▸ Your instructions
Restate each line below word for word, skipping every picture.

┌──

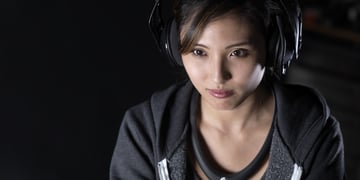 OmniWear’s gaming necklace turns you into Spider-Man with a machine gun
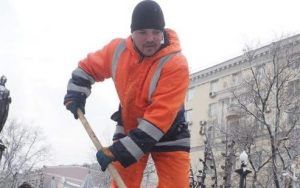 Свыше 280 дворников убрали снег в районе. Фото: архив, «Вечерняя Москва»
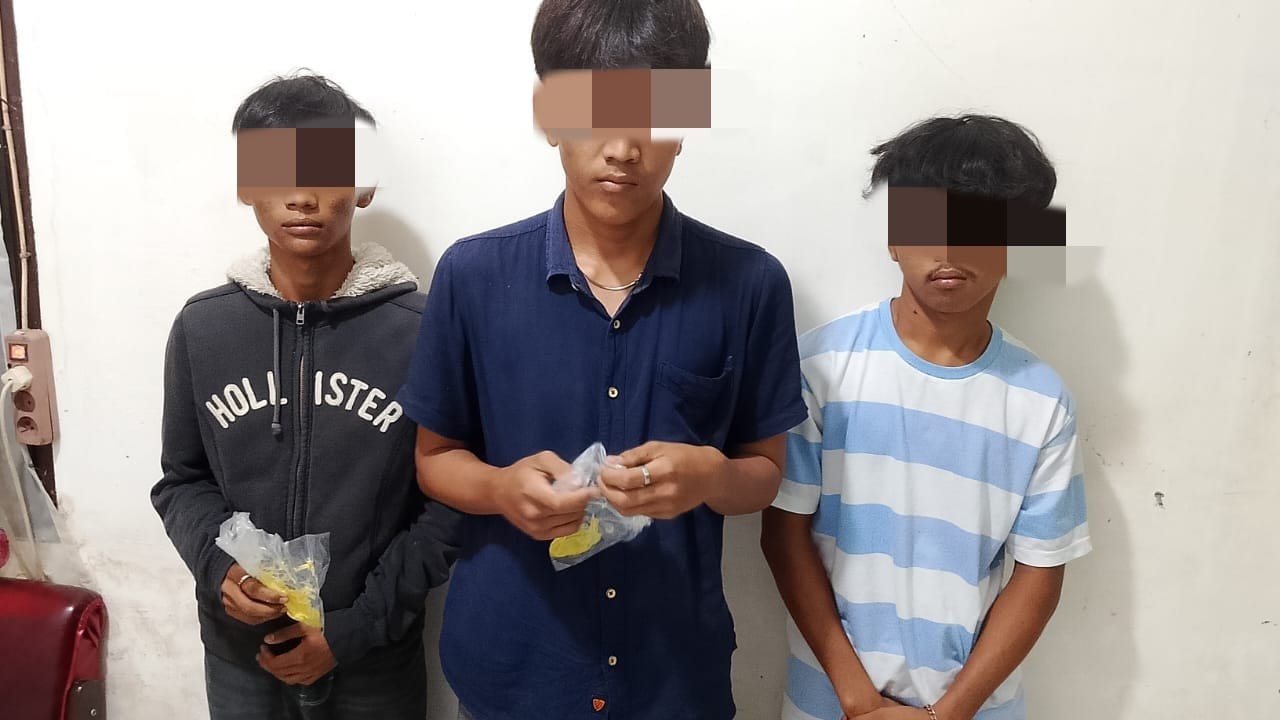 Tiga remaja diamankan saat kedapatan menghirup lem di Jalan Sadum, Siantar Utara.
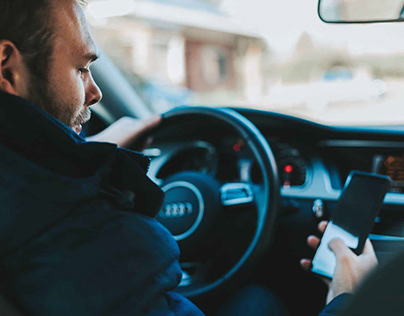 know how distracted driving can cause a car crash?
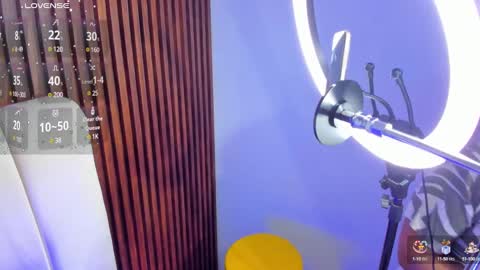 Snapshot of sammy__evanns chatting on 01-12-25, 03:49 Sammy Evanns online show from 01-12-25, 03:49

└──

▸ Result of the exercise
 OmniWear’s gaming necklace turns you into Spider-Man with a machine gun
 Свыше 280 дворников убрали снег в районе. Фото: архив, «Вечерняя Москва»
 Tiga remaja diamankan saat kedapatan menghirup lem di Jalan Sadum, Siantar Utara.
 know how distracted driving can cause a car crash?
 Snapshot of sammy__evanns chatting on 01-12-25, 03:49 Sammy Evanns online show from 01-12-25, 03:49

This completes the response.